Una alarma comenzó a rugir con violencia bajo la montaña, en cuya oscuridad brotó una hilo de luz blanca desde lo alto. Otto pudo ver que unos cuantos de los hombrecillos de nariz ganchuda habían logrado conquistar la cima de la ubre y bullían agitados alrededor de la gran válvula. La alarma cesó de golpe. Entonces, un gigantesco chorro de leche salió disparado de la punta, cruzó el cielo y apagó el Sol. El mundo entero quedó a oscuras y el silencio alcanzó el último rincón de la ciudad.

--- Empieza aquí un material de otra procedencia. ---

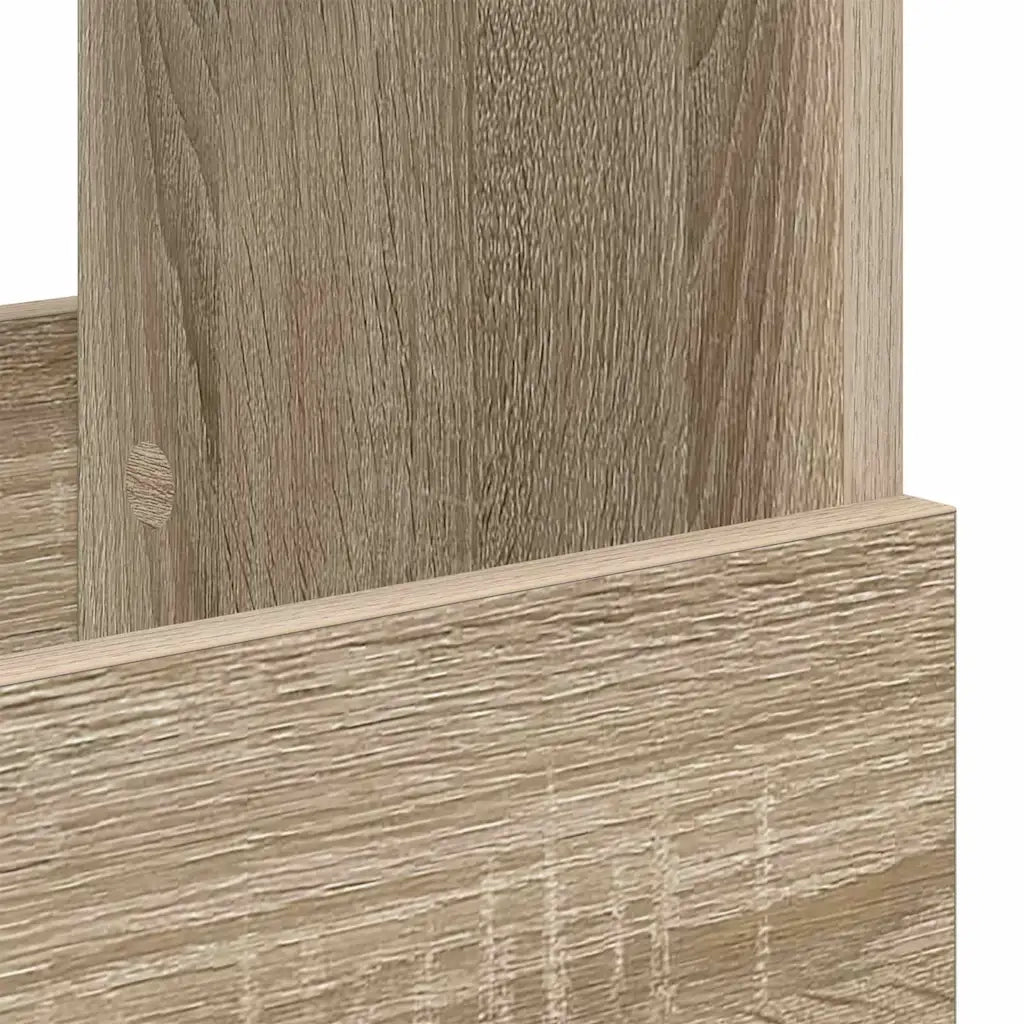 Scaffale per riviste Rovere Sonoma 68,5 x 30 x 45 cm 890986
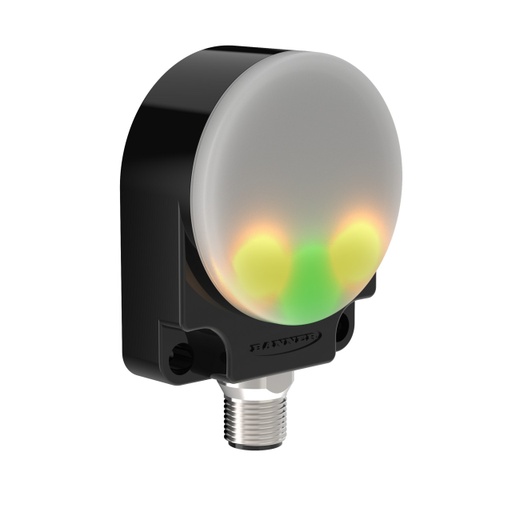 [812848] Banner K50R R-GAGE Series Radar Sensor; Range 3.0 m; 80x60 degree FOV; Flat Mount; Input: 10-30 V dc; Output 2 NPN/PNP Configurable; 5-pin M12 Integral QD (K50RF-8060-LDQ)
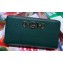Gucci Zumi Grainy Leather Zip Around Wallet 570661 Green 2019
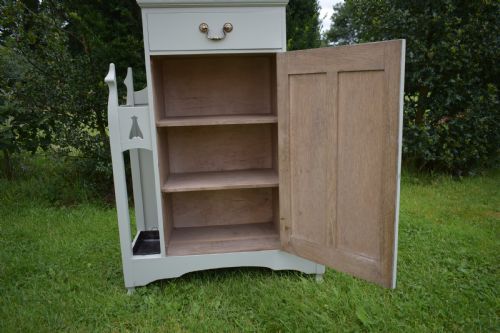 ANTIQUE ARTS CRAFTS HALL STAND - ADDITIONAL PHOTO 15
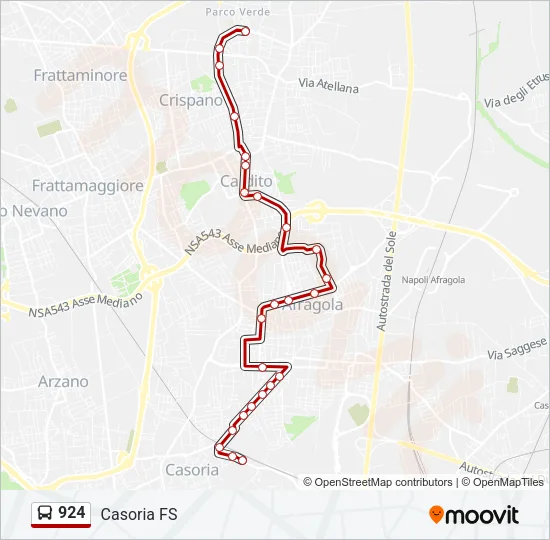924 Bus Line Map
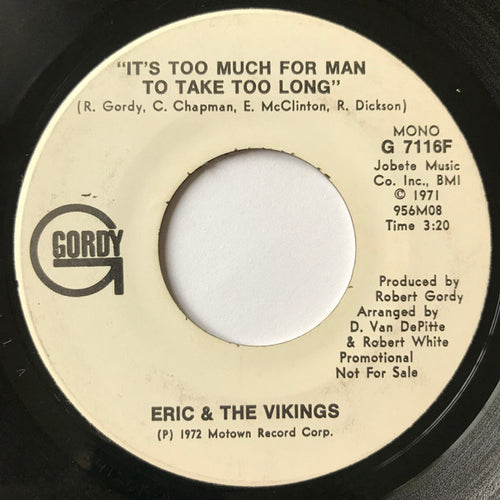 Eric And The Vikings : It's Too Much For Man To Take Too Long (7
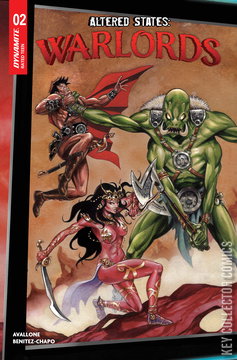 Variant Cover for Altered States: Warlords #2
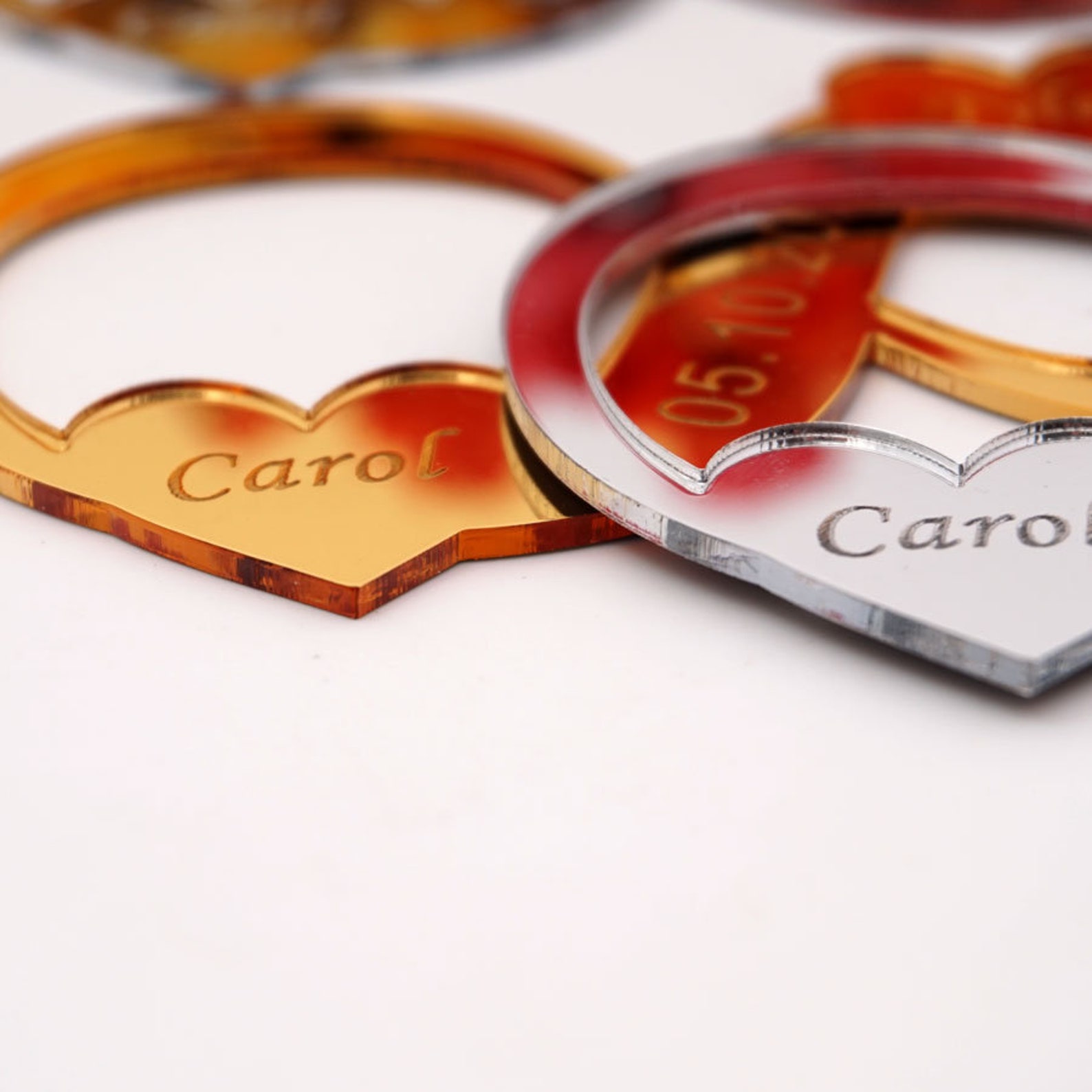 20pcs/lot 10cm Infinity Symbol Acrylic Mirror Tags Wedding - Etsy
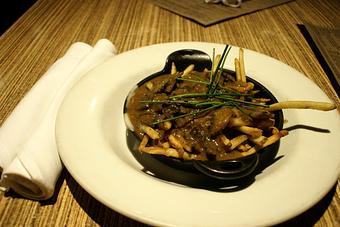 Product: BELUGA LENTILS AND PORCINI WILD MUSHROOM RAGU OVER HOUSE FRIES AND FONTINA - PUBlic House in Old Town Temecula - Temecula, CA American Restaurants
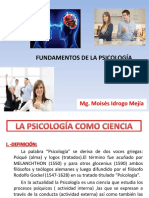 Fundamentos de La Psicología: Mg. Moisés Idrogo Mejía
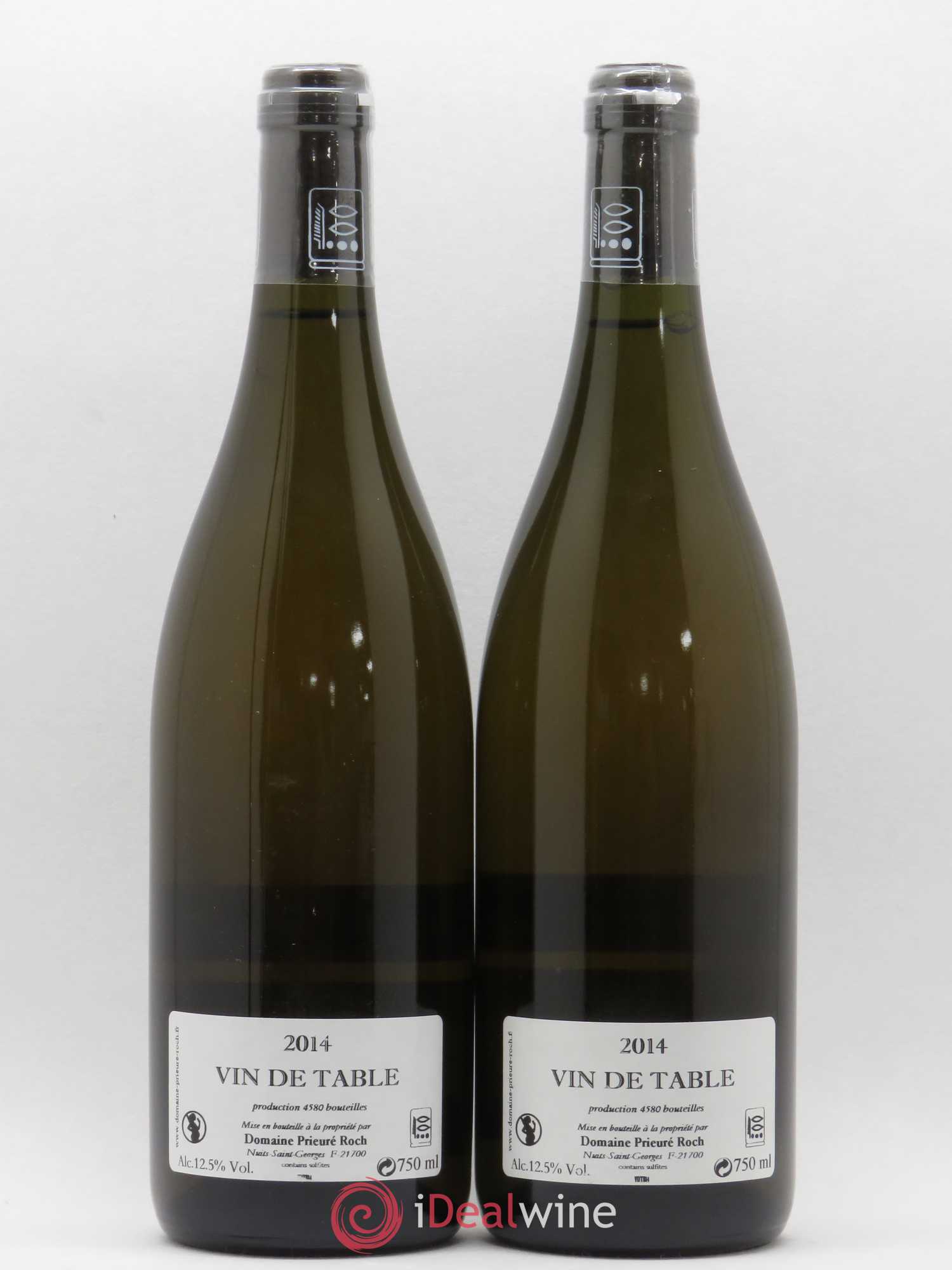 Vin de Table Le Cloud Prieuré Roch (sans prix de réserve) 2014 - Posten von 2 Flaschen - 1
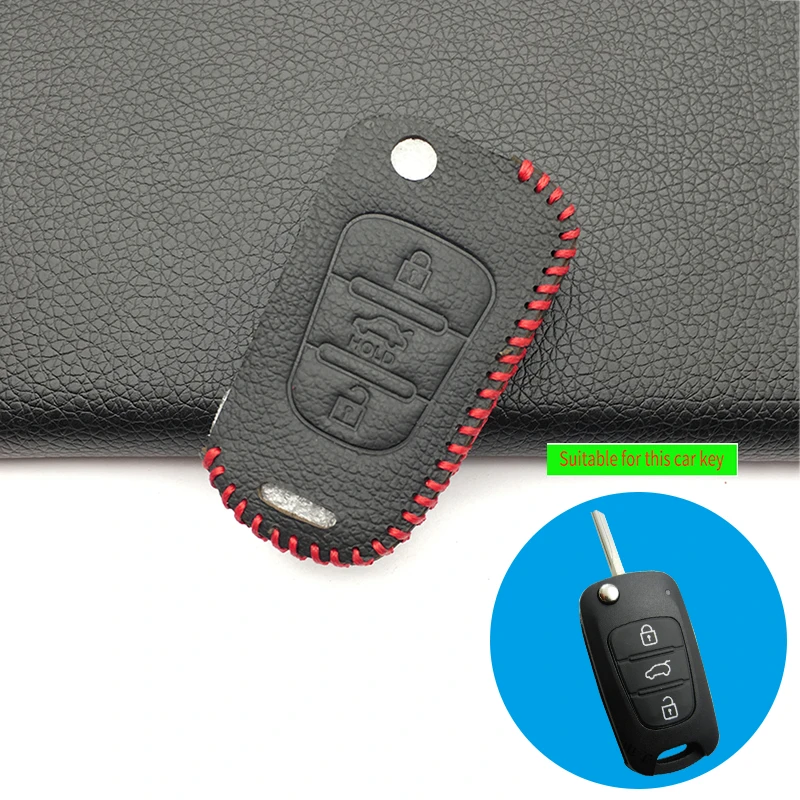 Black Silicone Key Case Cover Remote Key FOB 3 Button for KIA K2 K5 Pro Ceed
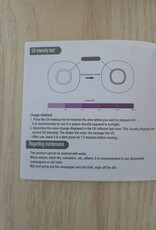 Zonnebrand tester intelligent sunscreen UV detection make-up mirror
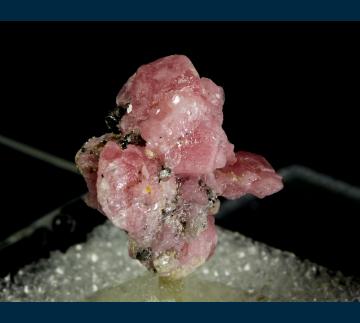 T-265 Rhodochrosite with Pyrite from Sunnyside Mine (American Tunnel), Eureka District, San Juan Co., Colorado, USA T-265 Rhodochrosite with Pyrite from Sunnyside Mine (American Tunnel), Eureka District, San Juan Co., Colorado, USA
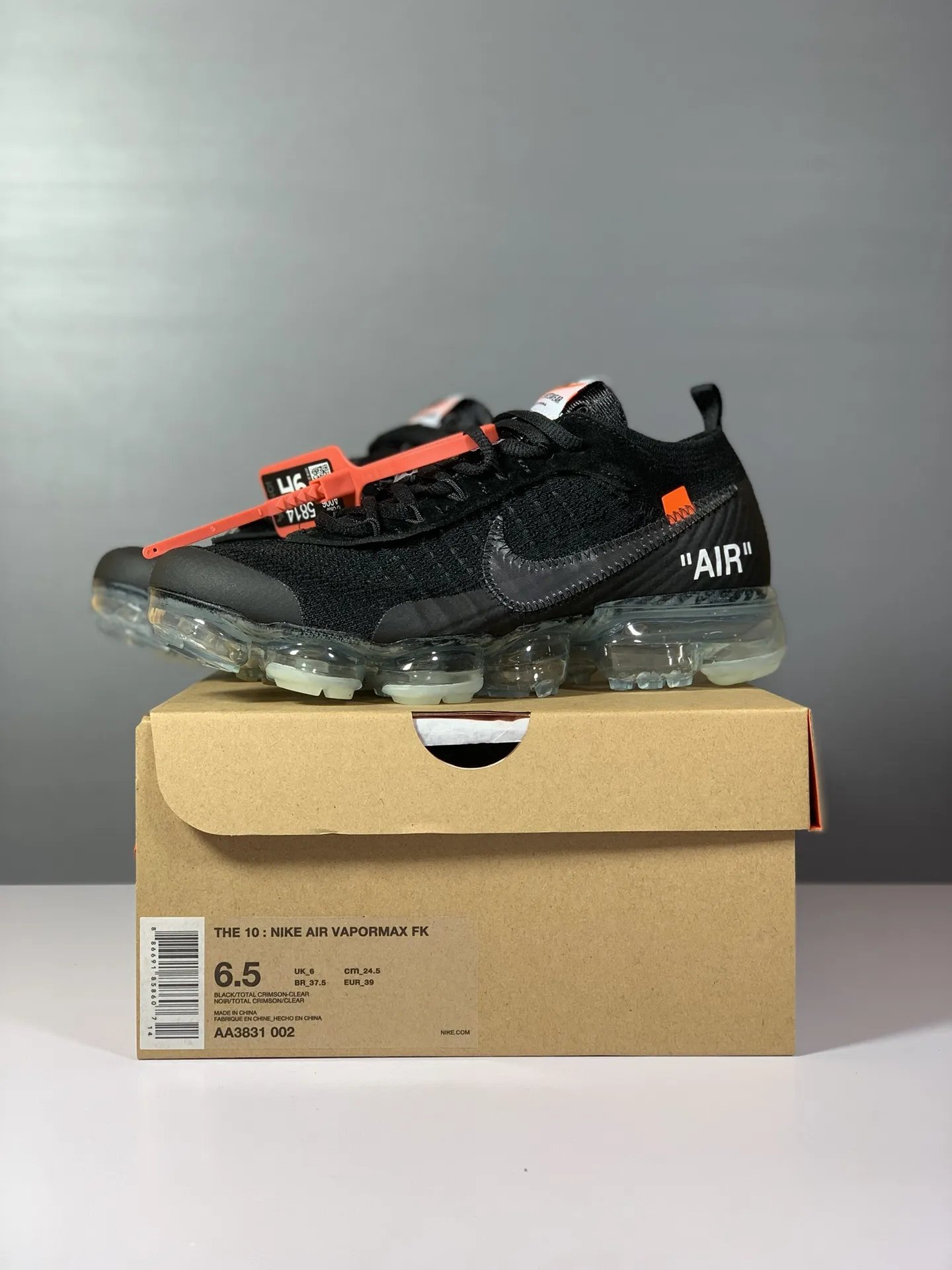 ComfortFit Off-White Nike VaporMax Black Blue Rep Shoes –  Replica Nikes 1372
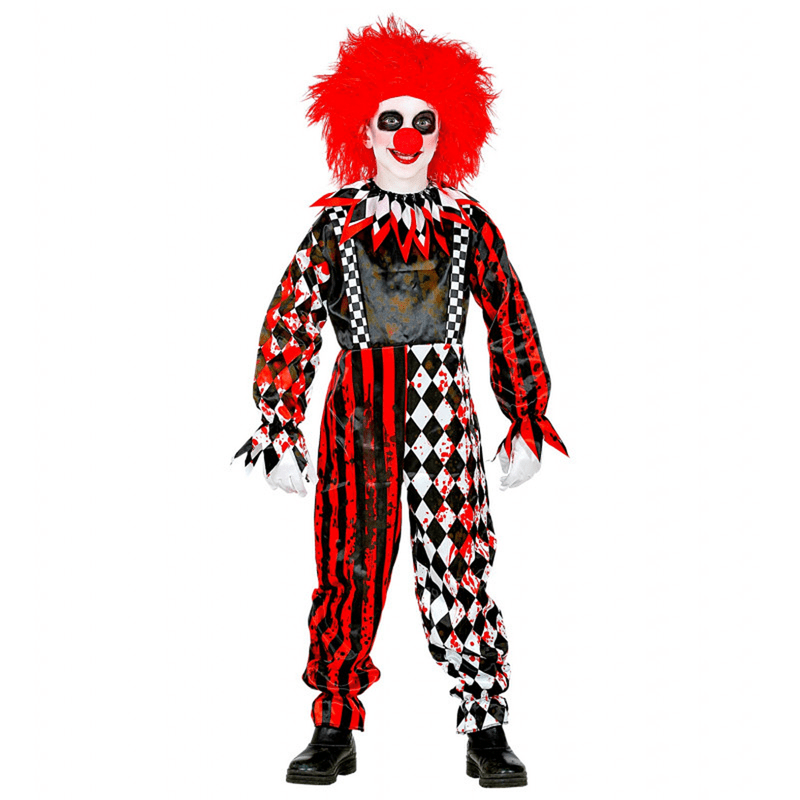 Alpha 55 4-5 ans / Rouge Déguisement clown pour enfant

En poco tiempo, las calles de Gaimén brillaban inundadas por miles y miles de metros cúbicos de leche que anegaron la ciudad y sembraron el desastre, especialmente en zonas bajas. Con el tiempo la gente acabó volviendo a hablar entre sí, incluso surgieron leyendas conversaciones clandestinas a dos y tres bandas. Lo que nadie volvió a ver es el Sol. Todo se hizo, desde entonces, a la luz de la Luna.

LA PRIMAVERA


Llegó la primavera y, con ella, llegaron los pájaros naranjas. Los pájaros naranjas se comieron las cosechas, los tendidos eléctricos y los posavasos de los bares. Las aseguradoras compraron los servicios de algunos de los mejores pájaros naranjas, asegurándose un caos sistémico que, con el tiempo, abocó a la población a los seguros basura. Las acciones del pan llegaron a valer más que el consumo anual de cereal de países enteros, mientras las esposas de los mejores pájaros naranjas inundaban las portadas de las principales revistas de tendencias. A su vez, altos dirigentes del sector editorial articulaban variopintas fusiones con magnates de las telecomunicaciones, la armamentística o el deporte, dando a luz a nuevas sociedades transnacionales que, en los albores del nuevo siglo, comenzaron a invertir en creativas campañas publicitarias que animaran a la gente a ser parte activa del sistema. Una de las más famosas fue aquélla en defensa de los bares.

Los pájaros naranjas se reunieron en secreto en una isla del Adriático, protegidos por un vasto cordón diplomático-militar comandado por el propio Mossad. Fuera, los rebeldes clamaban fría venganza envueltos en abrigos, turbantes y pañuelos. El invierno era su grito de guerra, su reivindicación, sus últimas palabras. Dentro, los pájaros naranjas afilaban sus picos para el gran festín mientras un cuervo recitaba un viejo testamento.

Las velas se apagaron de inmediato con la entrada al palacio del primer encapuchado. Le seguía una muchedumbre hambrienta cubierta de escarcha. Rompieron las estufas, ahogaron las hogueras y derruyeron las doce chimeneas de la Gran Cámara. Los pájaros naranjas sucumbieron en plena huída bajo las flechas heladas de los mejores hackers, cayendo luego a las redes desplegadas por quinientos pelotones de infantería oculta en descansillos, marquesinas y portales.

Tras la toma de la plaza, los encapuchados se quitaron las caretas, las pancartas y las capas. Comieron y bebieron desnudos entre jardines de ensueño, bajo la gran cúpula estrellada de un lejano dos de mayo. Y así, entre danzas, coitos y debates saborearon, por fin, la tan ansiada primavera.